A Real Lifesaver: Choosing the Right Life Jacket for You
According to the Ohio Division of State Parks and Watercraft, of the twelve boating-related fatalities which occurred in the state throughout 2016, eleven victims were found to not be wearing a personal floatation device. While floatation devices can be a nuisance with bulky padding and constricting straps, the fact remains, they can save you from drowning. Life jackets have long been the most viable, safe, and cost-effective floatation device available, and for personal watercraft riders, water-skiers, and children under the age of 10 on small vessels, Ohio law requires that life jackets be worn at all times. But do not despair — modern technology has offered up a breadth of alternatives to the traditional, cumbersome jacket model. Below are the important specs for all the major types, as well a few tips for putting your prospective purchase to the test:
Pick your Type:
Type I: Offshore Life Jacket
Pros: Extremely durable and highly buoyant, Type I jackets are intended for rough or otherwise intractable waters where rescue may be delayed. Also, they are designed to help unconscious wearers to float on their backs.
Cons: Cumbersome, not comfortable to wear for long periods of time
Type II: Near Shore Buoyant Vest
Pros: Sufficient buoyancy to support most boaters’ needs, especially in commonly-trafficked, relatively tame conditions where rescue will be expedient. Many Type II jackets also help unconscious wearers to back float.

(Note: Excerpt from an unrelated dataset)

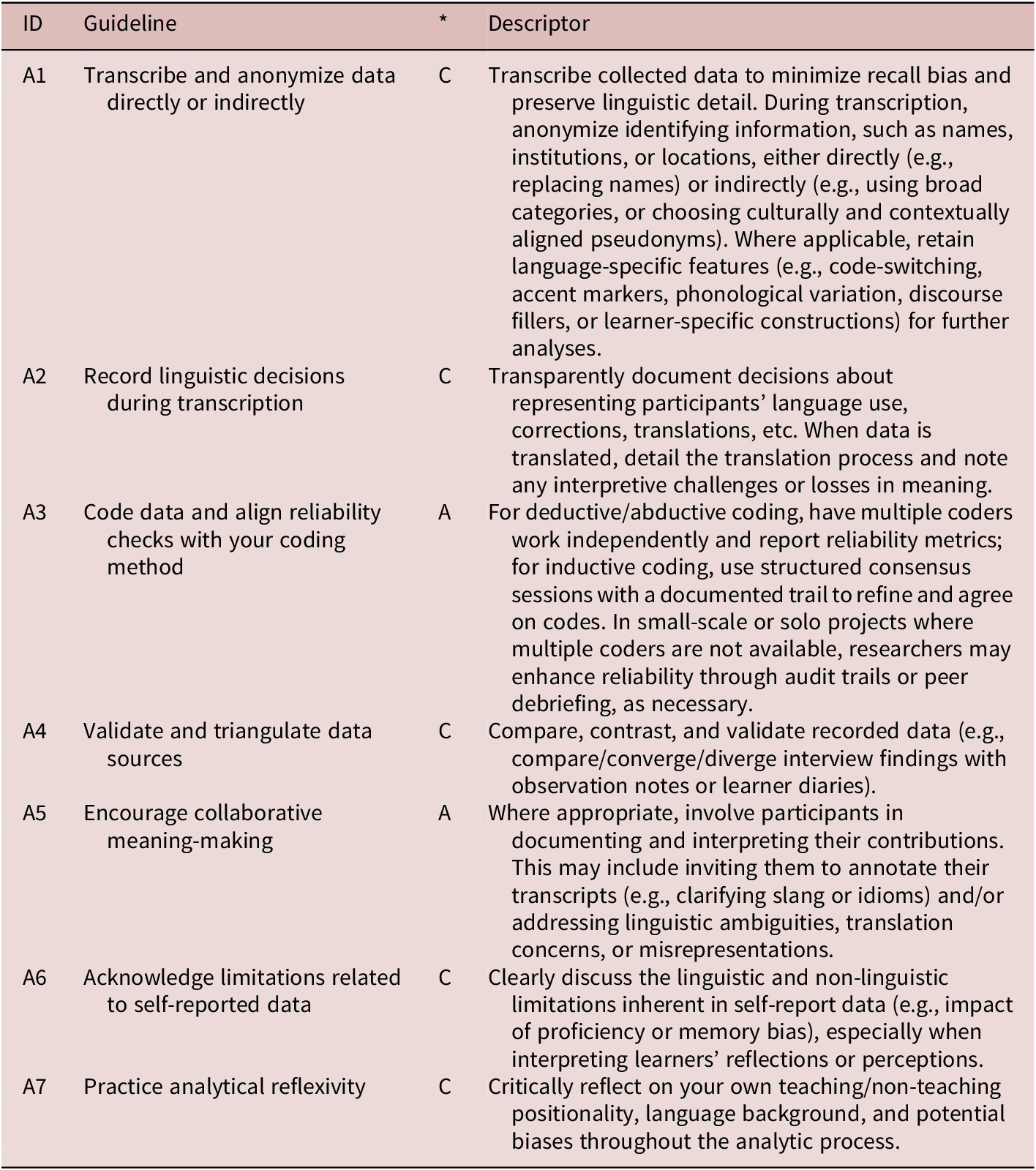 A four-column table listing seven analysis guidelines with IDs, guideline text, core or advisory status, and detailed descriptors. See long description.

Cons: While less cumbersome that Type I, Type II jackets are not meant to endure rough conditions or prolonged floating. Also, some models do not support unconscious wearers.
Type III - Flotation Aid
Pros: Lightweight, flexible and breathable
Cons: Most do not help unconscious floaters; not intended for inclement conditions.
Pick Your Style:
Pros: Require little to no maintenance, always performance-ready, approved for wearers of all ages
Cons: Less comfortable, occupy more space than alternatives
Pros: Depending on the model, Inflatable jackets are either meant to be filled manually or to inflate automatically upon contact with water. This feature makes them extremely compact and space-efficient.
Cons: Some, particularly self-inflated models, require assembly on the part of the wearer and are thereby more prone to malfunction. For this reason, they are forbidden from use on children and are not recommended for unskilled swimmers.
Pros: This alternative is meant to combine the safety and reliability of inherently buoyant models with the comfort and discretion of the inflatables. Their enhanced sleekness makes them an easy adjustment for reluctant jacket-wearers.
Cons: While they are available in child sizes, frequent maintenance checks are necessary to ensure their effectiveness.
Guarantee Your Fit
Even if a jacket is Coast Guard approved, failure to fit the device properly to one’s body can be just as dangerous as not wearing one at all, particularly in the case of small children wearing oversized jackets. There is an easy test to help determine whether a device is right for you: After inspecting the label to ensure the jacket is appropriate for your weight, properly secure all buckles so the garment fits snugly. Have another person pull lightly at the top of the arm openings as you hold your arms over your head. If the jacket bunches up over your face, obstructing your vision or breathing in any way, find a smaller size.